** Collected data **
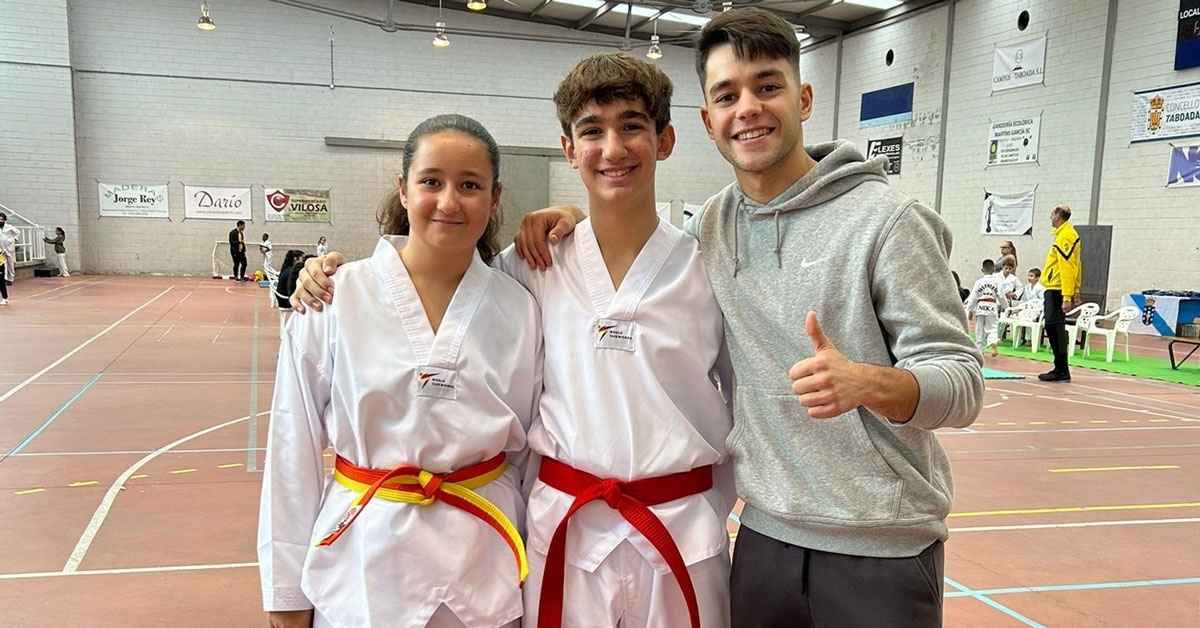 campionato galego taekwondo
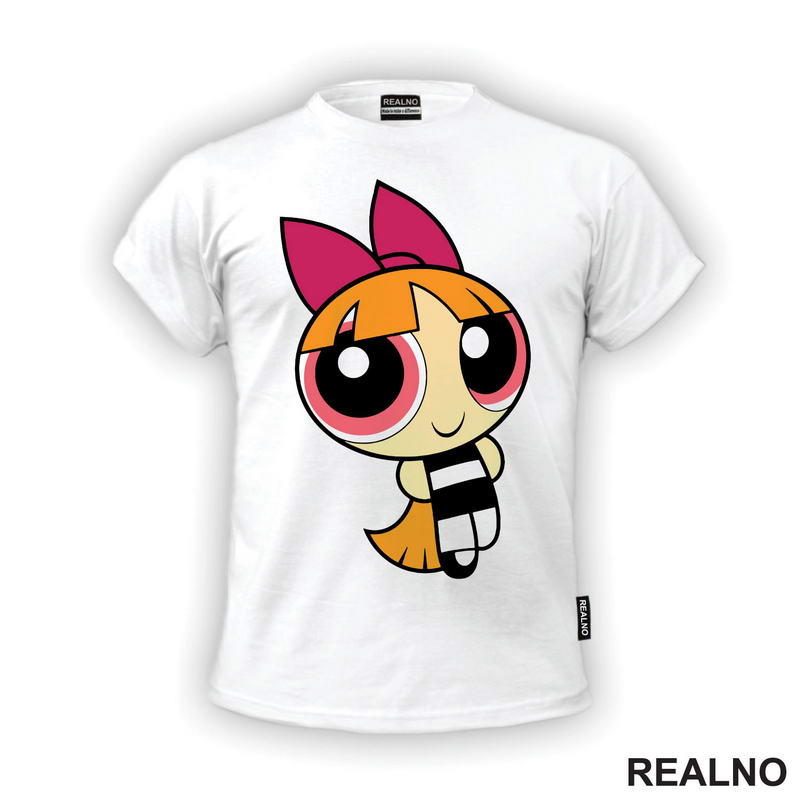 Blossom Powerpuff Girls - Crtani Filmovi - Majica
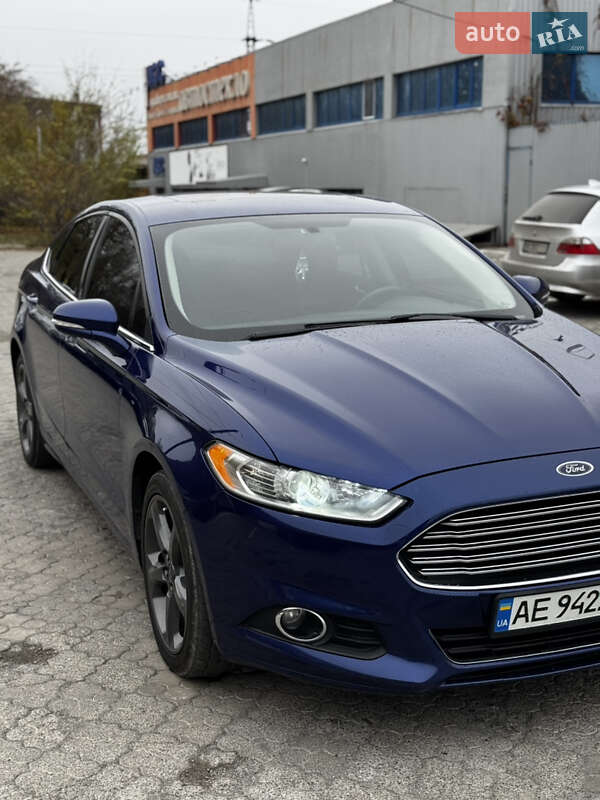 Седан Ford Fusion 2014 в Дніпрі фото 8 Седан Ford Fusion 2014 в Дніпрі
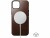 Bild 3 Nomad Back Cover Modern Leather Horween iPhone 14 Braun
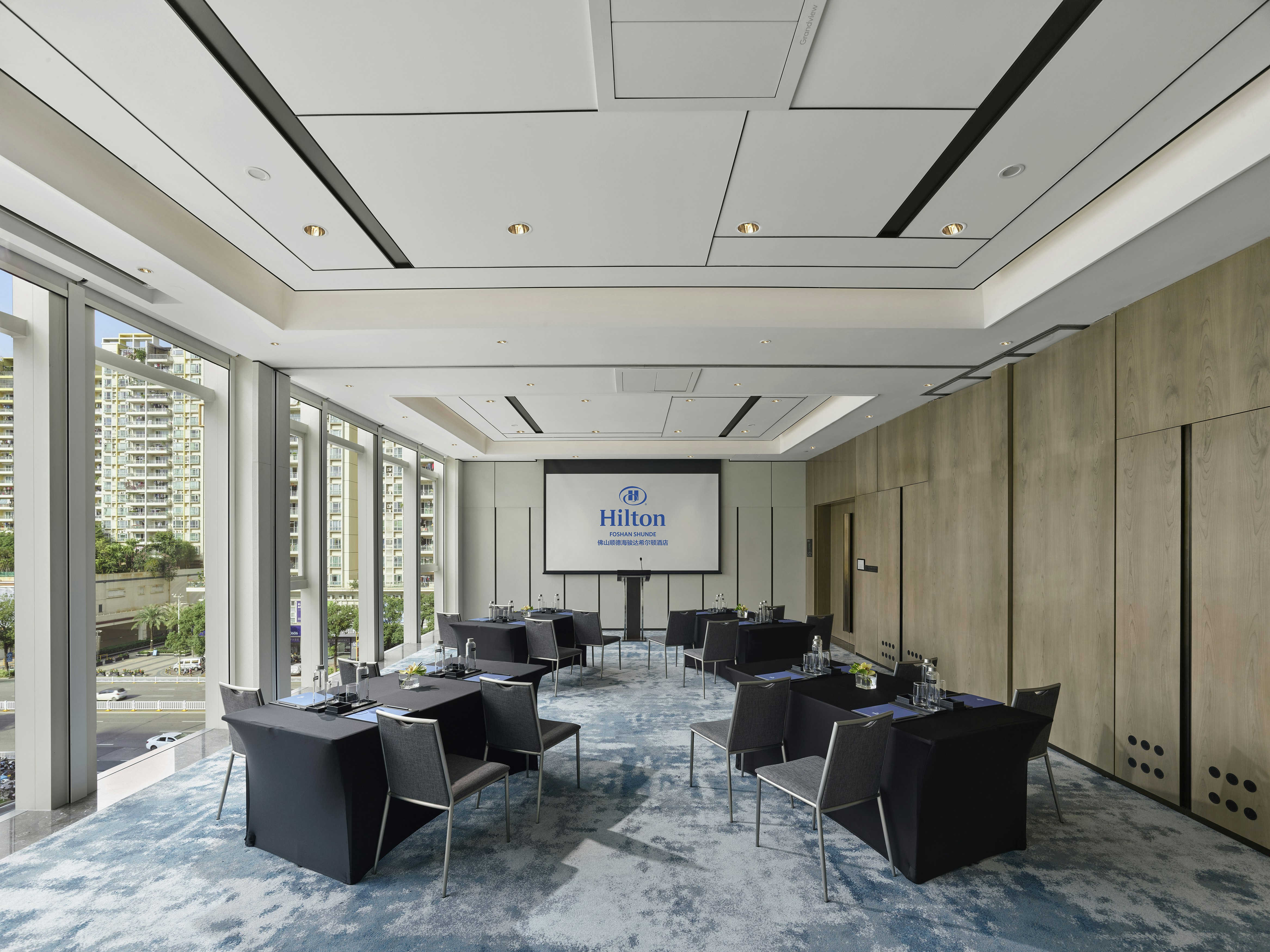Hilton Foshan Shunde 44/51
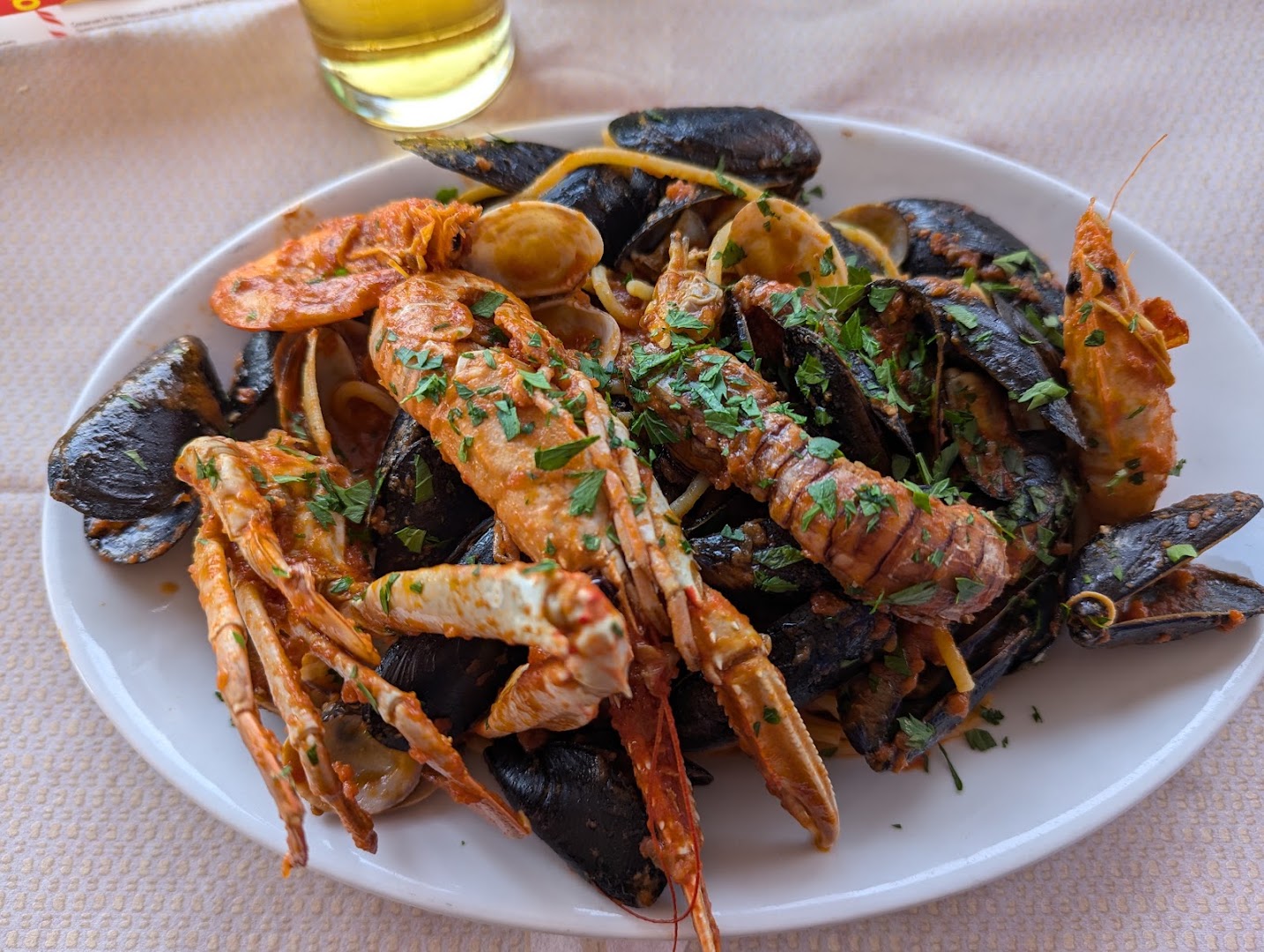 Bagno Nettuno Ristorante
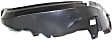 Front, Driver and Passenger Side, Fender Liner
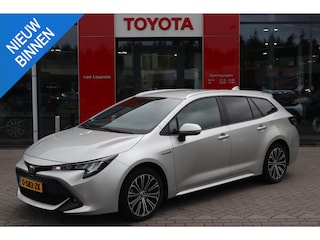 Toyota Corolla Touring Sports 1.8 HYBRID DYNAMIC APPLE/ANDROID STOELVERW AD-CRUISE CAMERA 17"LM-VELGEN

** Exercise aim **
What should be set down is every line from the opening of the records through the line that contains "Hilton Foshan Shunde 44/51", exactly, with pictures left out.

** Solution to this exercise **
 campionato galego taekwondo
 Blossom Powerpuff Girls - Crtani Filmovi - Majica
 Седан Ford Fusion 2014 в Дніпрі фото 8 Седан Ford Fusion 2014 в Дніпрі
 Bild 3 Nomad Back Cover Modern Leather Horween iPhone 14 Braun
Hilton Foshan Shunde 44/51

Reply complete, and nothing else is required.